(Data for analysis begins)
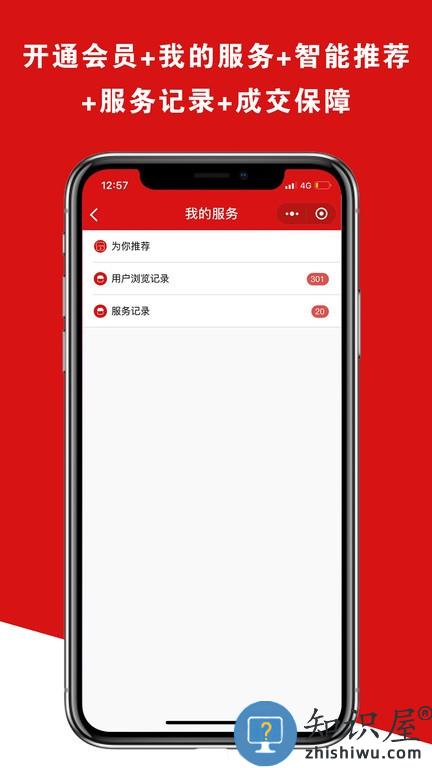 铺帮网 v2.3.5 安卓版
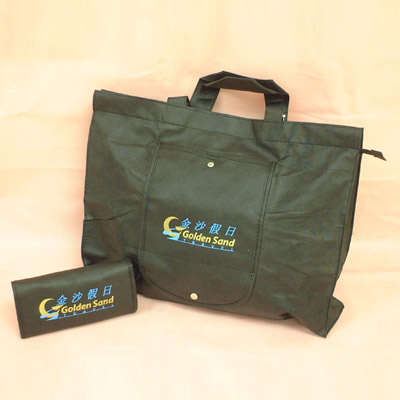 GOLD SAND TRAVEL BAGS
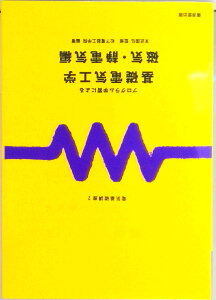 【中古】プログラム学習による基礎電気工学 磁気・静電気編 /松下電器産業/松下電器工学院(単行本)
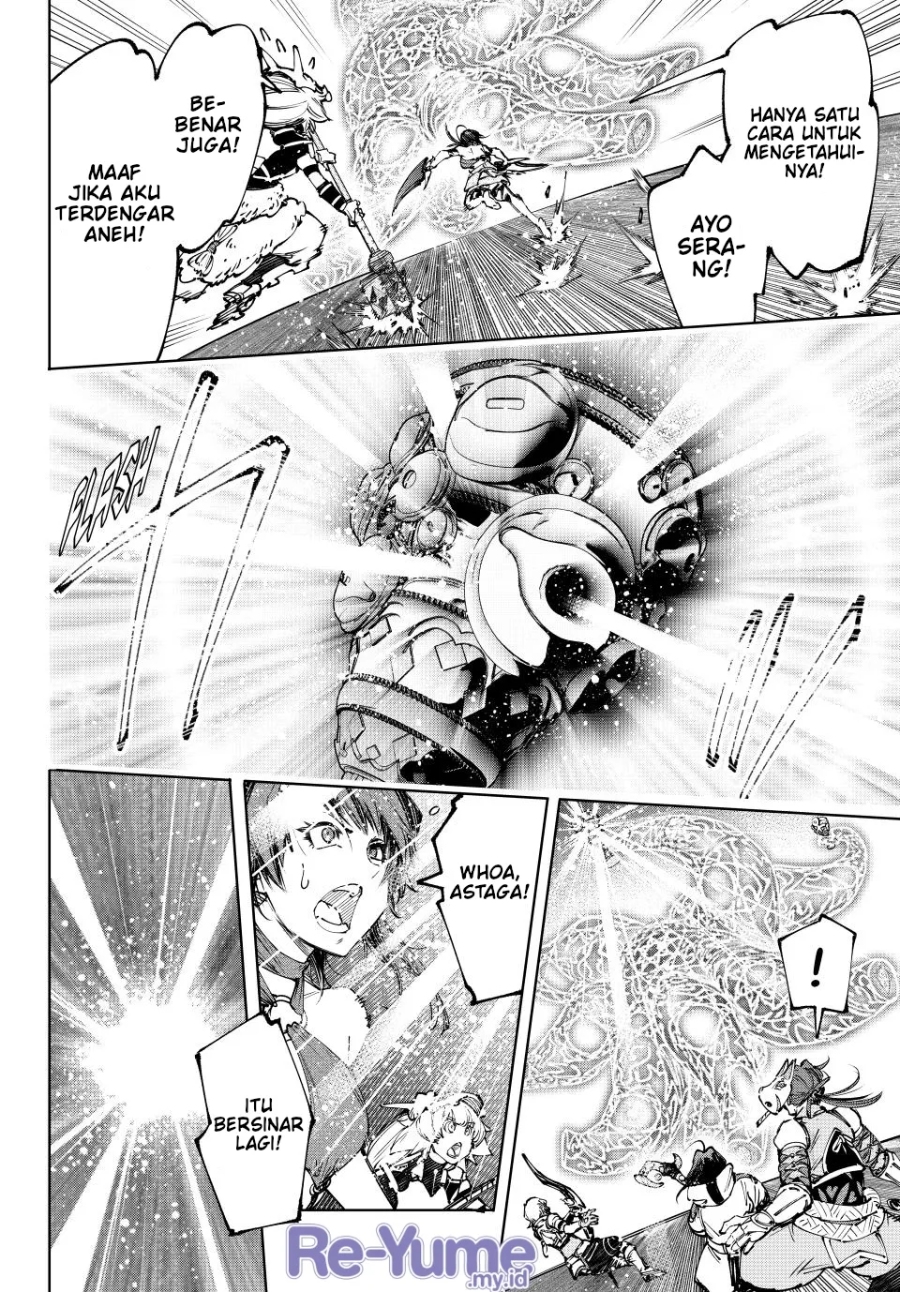 Shangri-La Frontier ~ Kusoge Hunter, Kamige ni Idoman to su~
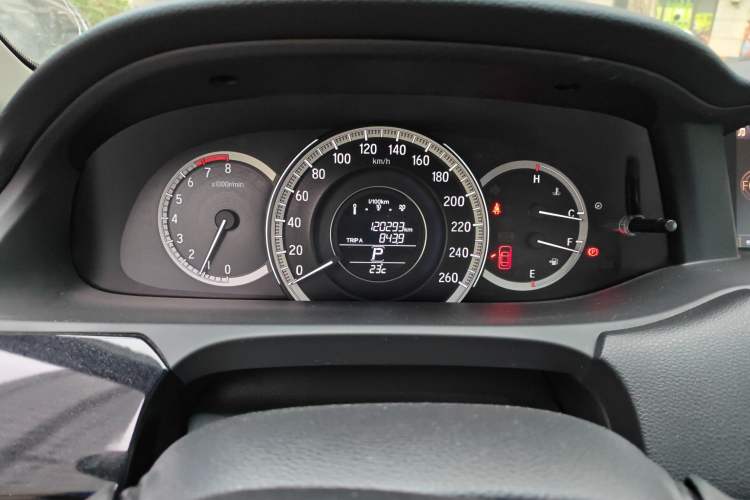 Used Honda Accord 2016 2.0L Comfort Edition
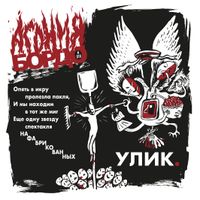 Фокусники, — миниатюра Фокусники, — миниатюра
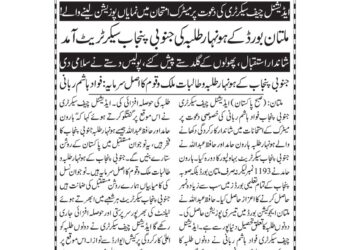 ملتان بورڈ کے ہونہار طلبہ کی ایڈیشنل چیف سیکرٹری فواد ہا شم ربانی سے ملاقات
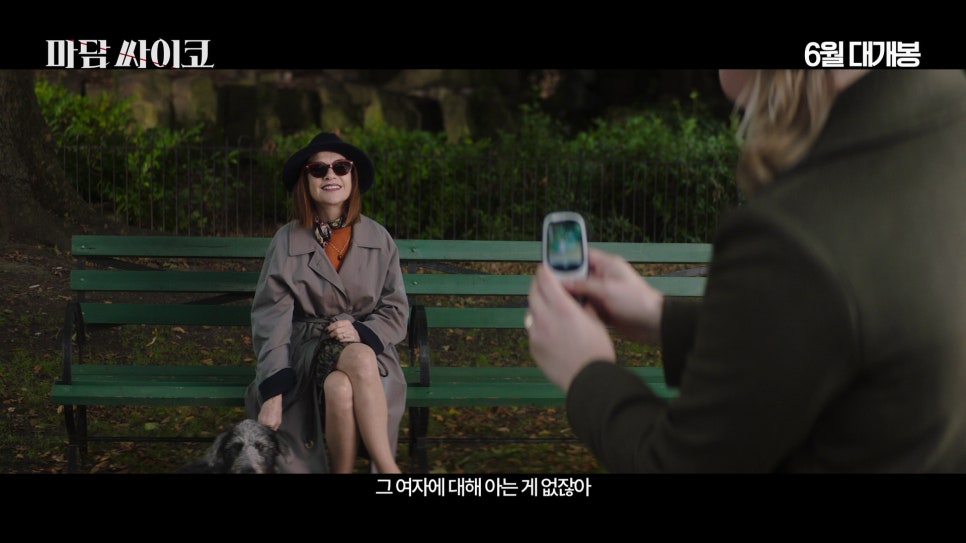 마담스토리 이미지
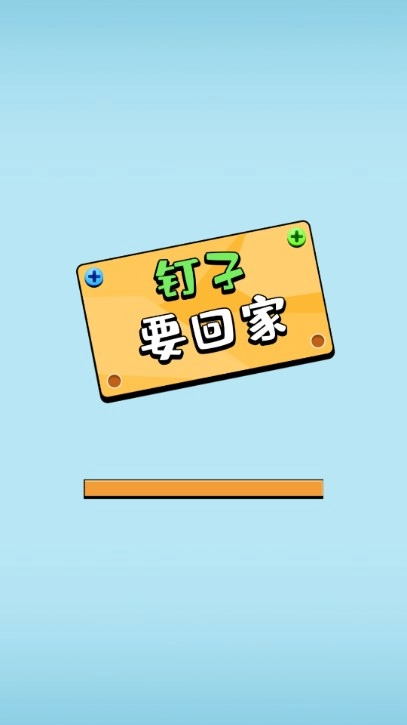 钉子要回家图3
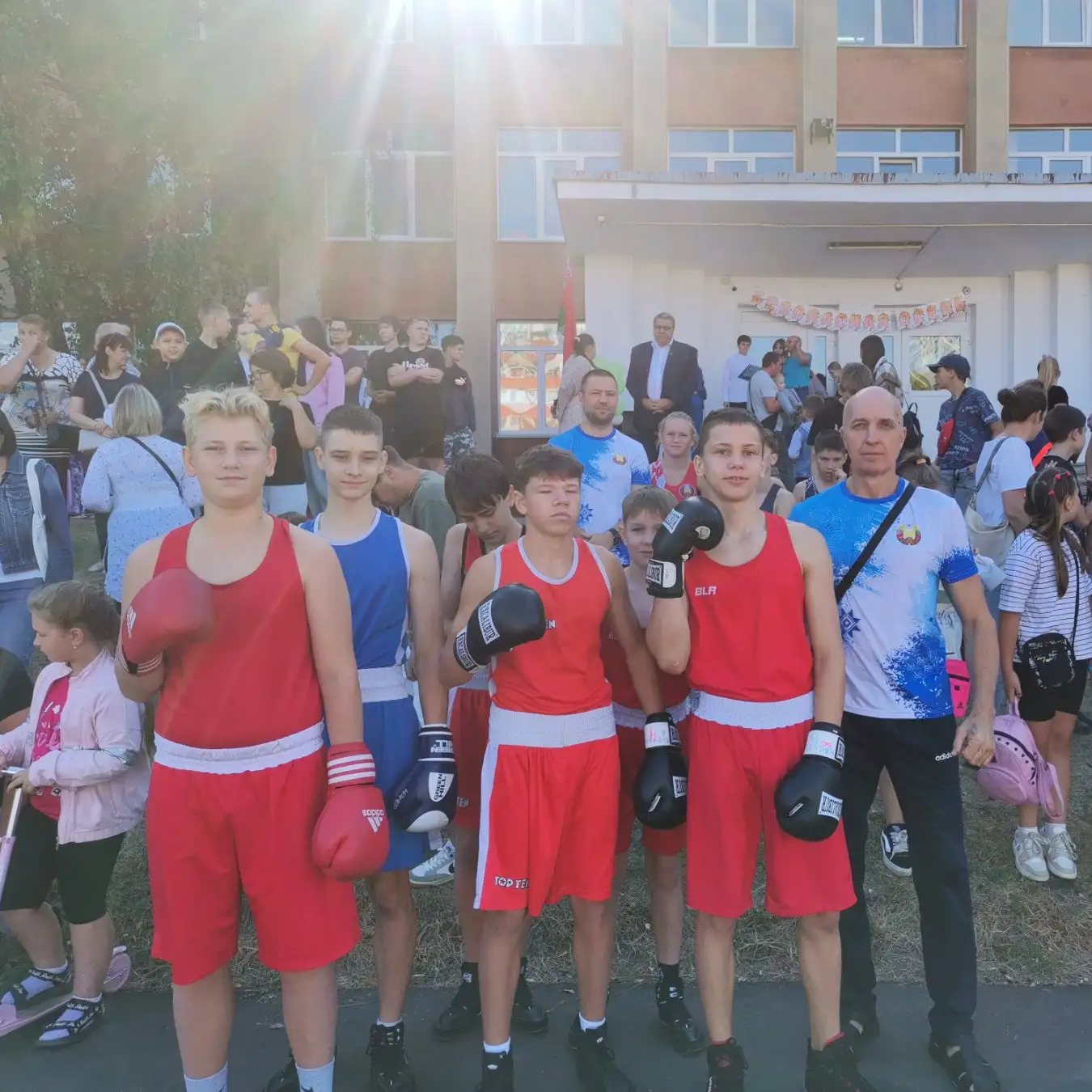 День открытых дверей
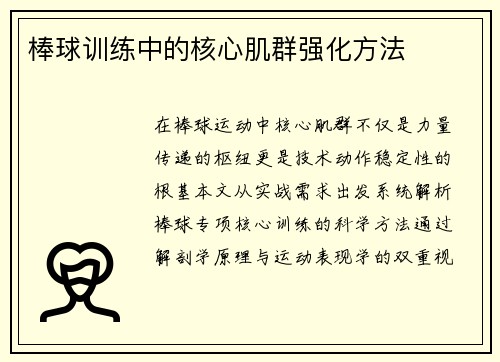 棒球训练中的核心肌群强化方法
(Data for analysis ends)
• Task to complete
Starting at the first line of the records above, set down each line exactly through the one that holds "Фокусники, — миниатюра Фокусники, —". Omit pictures.

• Result of the task
 铺帮网 v2.3.5 安卓版
 GOLD SAND TRAVEL BAGS
 【中古】プログラム学習による基礎電気工学 磁気・静電気編 /松下電器産業/松下電器工学院(単行本)
 Shangri-La Frontier ~ Kusoge Hunter, Kamige ni Idoman to su~
 Used Honda Accord 2016 2.0L Comfort Edition
 Фокусники, — миниатюра Фокусники, — миниатюра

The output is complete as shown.